TOPEKA (KSNT)— Kansas lawmakers have sent a bill allowing parents to object to certain educational materials to the governor’s desk for approval.
The Kansas House voted 76-46 to pass House Bill 2236. This establishes the parents’ right to direct the education, upbringing and moral or religious training of their children including the right to object to harmful and inappropriate educational materials. The Senate voted 23-17 to pass the bill with amendments last week.
Some Democrats and Republicans, arguing against the bill, said that it was unnecessary, given current protections that are in place.
“This protection already exists in the United States Constitution… Congress shall make no law respecting an establishment of religion or prohibiting the free exercise thereof,” said Representative Silas Miller, D- Wichita. “You already have the right to have a moral objection to something that your students are learning. Writing laws that protect moral or religious exemptions… it’s going to go to broad.”
However Rep. Susan Estes, a Republican from Wichita who carried the bill, said there is a reason to have the measure in place. She argued that the issue is not addressed in the education section of the state’s constitution.
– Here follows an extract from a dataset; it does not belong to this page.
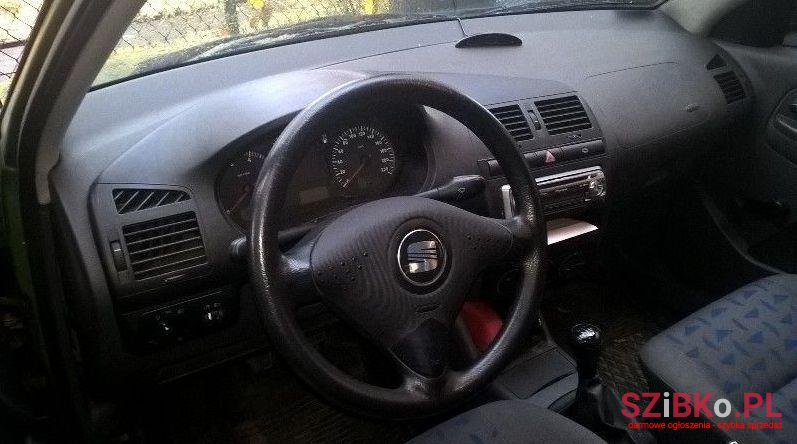 2001' SEAT Cordoba photo #3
“When I as a parent and have had objections and gone to the teachers of my children, they’ve been happy to give us an alternative assignment, but what we heard in committee were parents who not only went to their teacher… they went to their principal and higher up in the school district… and did not have their concerns addressed and did not have alternative assignments that could be offered,” Estes said. “If there is one family who are denied their rights, we need to address it.”
According to Estes, the bill only applies to the officially adopted curriculum in the district.
Kansas Governor Laura Kelly has a few weeks to decide whether to veto the bill before veto session kicks off on April 26.
If the governor vetoes the bill, the House would need 84 votes to override the veto; the Senate would need 27 votes to override.